WHAT IS BEING ASKED
Pictures stay out. Everything else in the listing below gets written out exactly.

COLLECTED MATERIAL
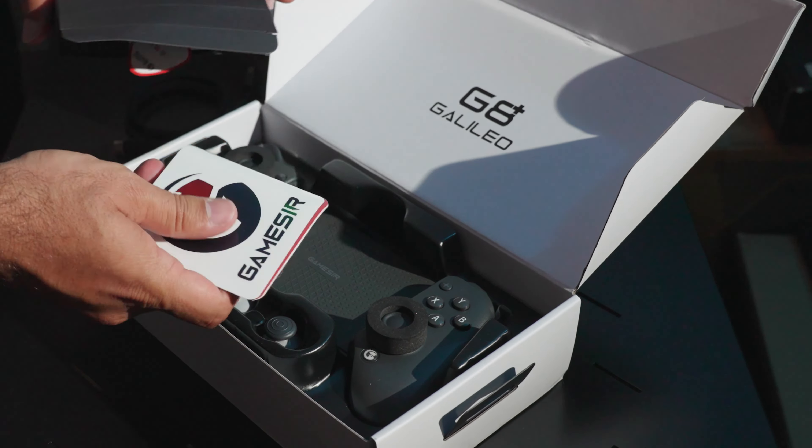The GameSir G8 Plus is a great choice for mobile gamers seeking high performance, versatility and comfort. Its premium build and extensive compatibility make it a standout. And for $79.99, it's a great product for gamers out there. That's it for today's review.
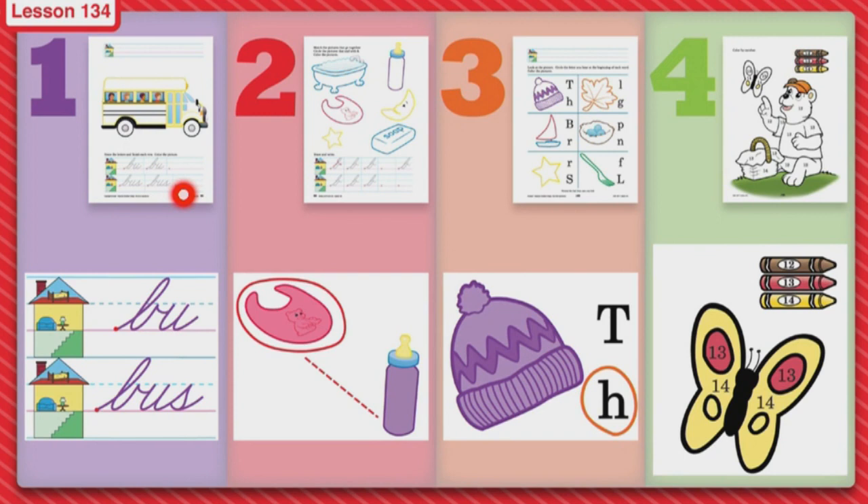Next, you get to color the school bus. Then you're going to turn your paper over to page two. On page two, you're going to match the pictures that go together and then circle the pictures that have the B sound at the end.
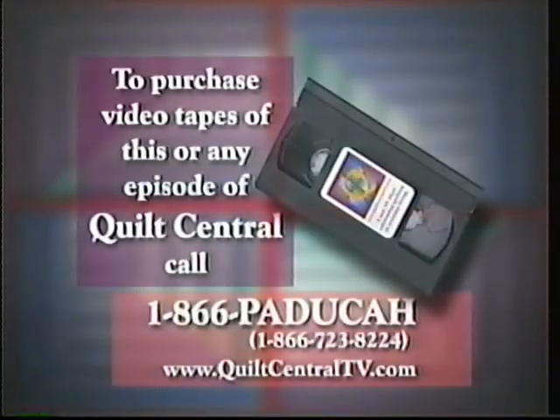Now you can celebrate quilting in your everyday living. To purchase videotapes of this or any episode of Quilt Central, you may call toll-free 1-866-PADUCA or 1-866-723-8224.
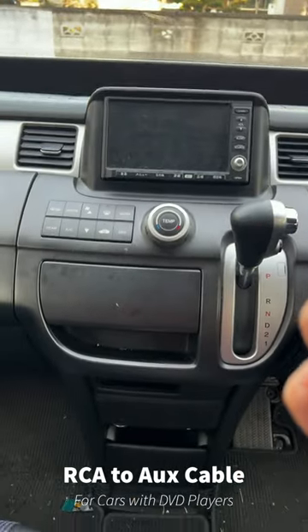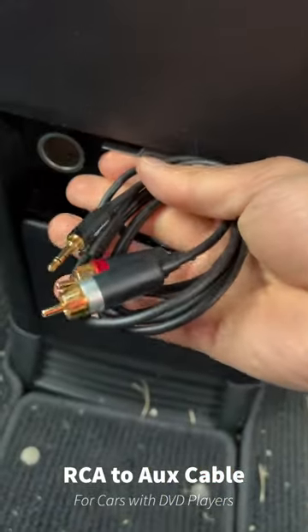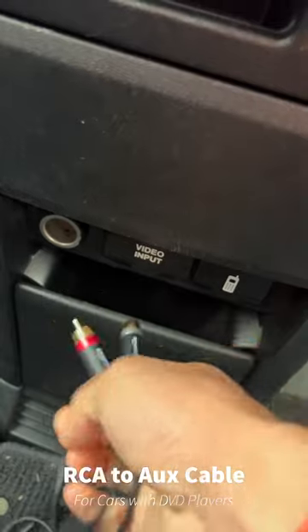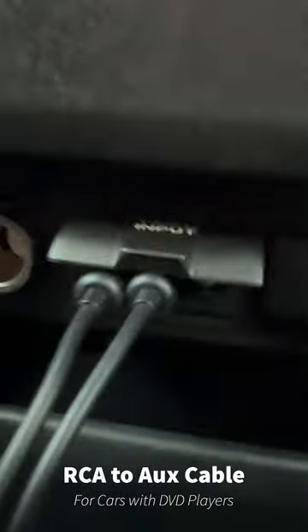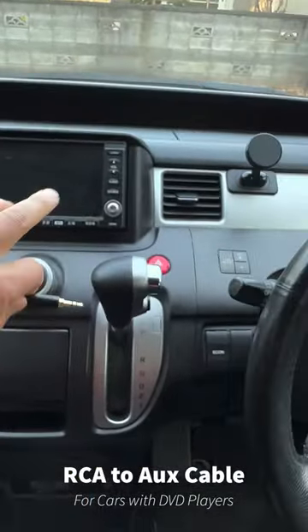If your car doesn't have an aux cable input, but does have a DVD input like this car, you can just grab one of these RCA cables and have the red and white wires — plug those in. Don't worry about that yellow wire. And then you have your aux cable ready to go to play any music through the DVD function.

ANSWER BOX
The GameSir G8 Plus is a great choice for mobile gamers seeking high performance, versatility and comfort. Its premium build and extensive compatibility make it a standout. And for $79.99, it's a great product for gamers out there. That's it for today's review.
Next, you get to color the school bus. Then you're going to turn your paper over to page two. On page two, you're going to match the pictures that go together and then circle the pictures that have the B sound at the end.
Now you can celebrate quilting in your everyday living. To purchase videotapes of this or any episode of Quilt Central, you may call toll-free 1-866-PADUCA or 1-866-723-8224.
If your car doesn't have an aux cable input, but does have a DVD input like this car, you can just grab one of these RCA cables and have the red and white wires — plug those in. Don't worry about that yellow wire. And then you have your aux cable ready to go to play any music through the DVD function.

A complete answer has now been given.